Les années 80 durent depuis trente ans. L’entrepreneur paradigmatique est né avec elles, et son ascension a été parallèle à celle de Jean-Marie Le Pen, comme un utile complément, ou un moyen de le valoriser en lui offrant un adversaire à sa mesure, et qui pourrait valoriser son image, un double inversé. L’entrepreneur paradigmatique donne des leçons sur tout, mais personne ne peut expliquer quelle entreprise il a vraiment dirigé, ou créé. Celui que l’on a choisi comme l’entrepreneur paradigmatique n’est que le faux masque de capitaux qui s’avancent masqués, sur des spéculations financées sur fonds publics, et dont il tient la plume et le crachoir. Personne ne sait d’où il vient, sa biographie sur wikipedia ressemble à une success story à l’américaine, et tout y est improbable. Personne ne sait s’il a un certificat d’études ou un diplôme d’ingénieur dont il se réclame. Personne ne note qu’il est invraisemblable qu’il soit aussi diplômé et que sa seule carrière professionnelle connue soit celle d’un vendeur de télés et de frigos, comme si un diplômé des années 60 n’avait pas eu d’autre débouché, ou alors peut-être un immense amour de l’entreprise l’a poussé.

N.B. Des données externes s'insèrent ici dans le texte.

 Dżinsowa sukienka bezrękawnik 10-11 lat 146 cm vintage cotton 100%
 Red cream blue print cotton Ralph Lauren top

Il a tout fait, chanté comme Raël, donné son nom à des entreprises de dépeçage, reçu d’organismes officiels jusqu’au premier centime de ses spéculations, et lorsqu’il perdait ses procès, le monarque lui a octroyé des fortunes, qu’il a placées hors du pays. Il a été partout où il y avait des caméras, aucun biographe ne sait d’où vient son argent, comme si cela n’était pas la question essentielle, comme si l’on pouvait faire du journalisme qu’en ne décrivant le reflet des apparences dans l’oeil du public.
L’époque du “retour de l’entreprise” s’est choisi un dépeceur comme exemple de la volonté d’entreprendre, dans cette ironie tragique d’une époque fallacieuse, au miroir sans tain de la falsification. Le néolibéralisme publicitaire s’est doté d’une icône falsifiée.
L’entrepreneur paradigmatique n’est qu’un vêtement vide, dont on ne sait même pas s’il existe sous cette identité, s’il n’est pas que l’homme de paille d’un système qui devait briser l’homme, et le projeter dans un système qui serrera l’étau sur lui chaque jour davantage.